Per-individual heterozygosity (divide mode)
Use --groups divide to treat each sample as its own group:
$ piawka calc -v alyrata_scaff_1_10000k-10500k.vcf.gz \
-b genes.bed -g divide -s pi -q \
| head -4 | column -t
#chr start end locus pop1 pop2 stat value numerator denominator
scaffold_1 10035093 10035276 AL5G20950 WS_1.7-1_4n . pi 0.00462963 8 1728
scaffold_1 10035093 10035276 AL5G20950 MW0079491 . pi 0.00694444 2 288
scaffold_1 10035093 10035276 AL5G20950 TE_4.5-2 . pi 0.013986 4 286
Average heterozygosity per group
To compute the average heterozygosity across all individuals in a group, pipe the per-individual per-site output to piawka sum -g. Note that the output values are different from running piawka calc -v alyrata_scaff_1_10000k-10500k.vcf.gz -b genes.bed -g groups.tsv -s pi directly: what we get here is not pi = expected heterozygosity, but average per-individual pi (= observed heterozygosity in diploid samples).
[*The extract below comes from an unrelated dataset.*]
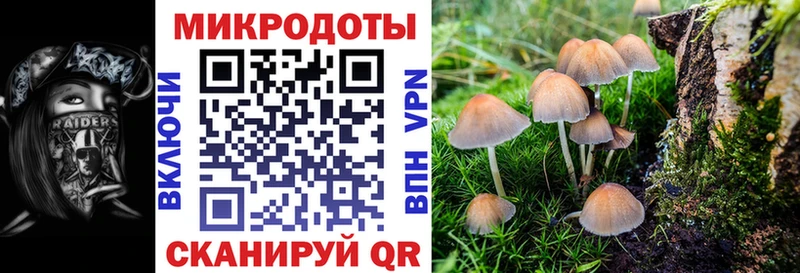Псилоцибиновые грибы Cubensis  магазин  наркотиков  Чаплыгин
That means e.g. that “pi == 1” will be found in sites where every individual is heterozygous.
$ piawka calc -v alyrata_scaff_1_10000k-10500k.vcf.gz \
-b genes.bed -g divide -s pi --persite -q \
| piawka sum -g groups.tsv \
| head -4 | column -t
#chr start end locus pop1 pop2 stat value numerator denominator
scaffold_1 10035093 10035276 AL5G20950 PUWS_4n . pi 0.005627 68 12084
scaffold_1 10035093 10035276 AL5G20950 LE_2n . pi 0.008257 38 4602
scaffold_1 10035093 10035276 AL5G20950 UKScandinavia_2n . pi 0.001897 2 1054
Segregating and differentially fixed sites
pi and dxy together classify sites into biologically meaningful categories:
| $\pi_i$ | $\pi_j$ | $d_{XY}$ | Interpretation |
|---|---|---|---|
| > 0 | = 0 | > 0 | Privately segregating in group i |
| = 0 | > 0 | > 0 | Privately segregating in group j |
| = 0 | = 0 | = 1 | Fixed difference between groups |
| > 0 | > 0 | > 0 | Shared polymorphism (or partially shared) |
| = 0 | = 0 | = 0 | Monomorphic across both groups |
Use piawka filt to extract each category from --persite output.
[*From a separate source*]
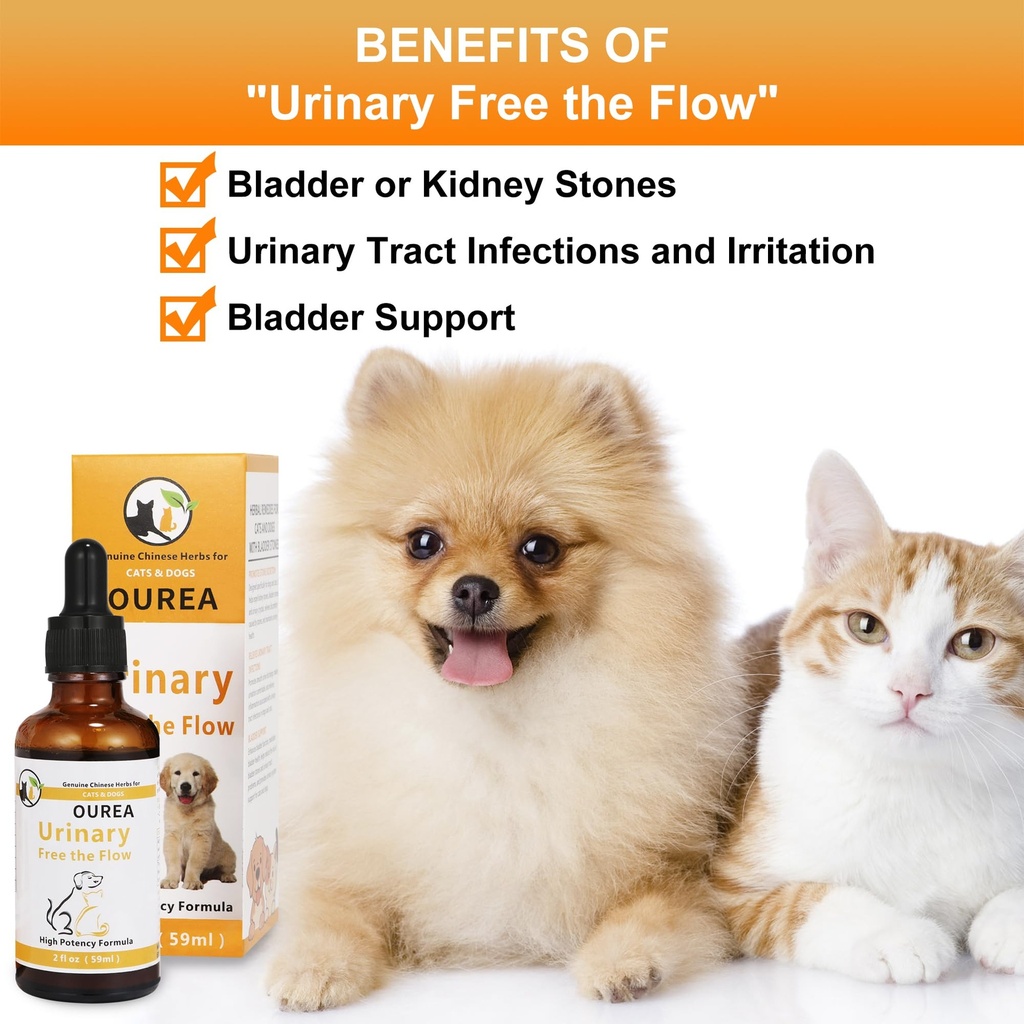 dog-cat-bladder-crystals-treatment-or-st-81JsEchrQHL.jpg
Fixed differences (differentially fixed sites)
$ piawka calc -v alyrata_scaff_1_10000k-10500k.vcf.gz \
-g groups.tsv -s pi,dxy --persite \
| piawka filt -e 'pi == "0" && dxy > 0' \
| head -4 | column -t
#chr start end locus pop1 pop2 stat value numerator denominator
scaffold_1 10000444 10000445 scaffold_1:10000445 LE_2n UKScandinavia_2n dxy 1 340 340
scaffold_1 10000444 10000445 scaffold_1:10000445 CESiberia_2n UKScandinavia_2n dxy 1 160 160
scaffold_1 10000513 10000514 scaffold_1:10000514 LE_2n UKScandinavia_2n dxy 1 340 340
Privately segregating sites in one group
Any site with pi>0 in one population and pi==0 in all other populations is privately segregating in it.
Shared polymorphisms — a caveat
Sites with pi > 0 in both groups and dxy > 0 appear to be shared polymorphisms, but this classification is unreliable for multiallelic sites:
Example site: Group A → T/A (pi > 0)
Group B → T/G (pi > 0)
dxy for T vs. A and T vs. G → dxy > 0
Here both groups are polymorphic and dxy > 0, but the groups share the same REF allele T while carrying different ALT alleles — not a shared polymorphism in the biological sense. Filter out multiallelic sites e.g. with bcftools view -M2 file.vcf.gz to restrict the analysis to biallelic comparisons at the cost of losing some informative sites.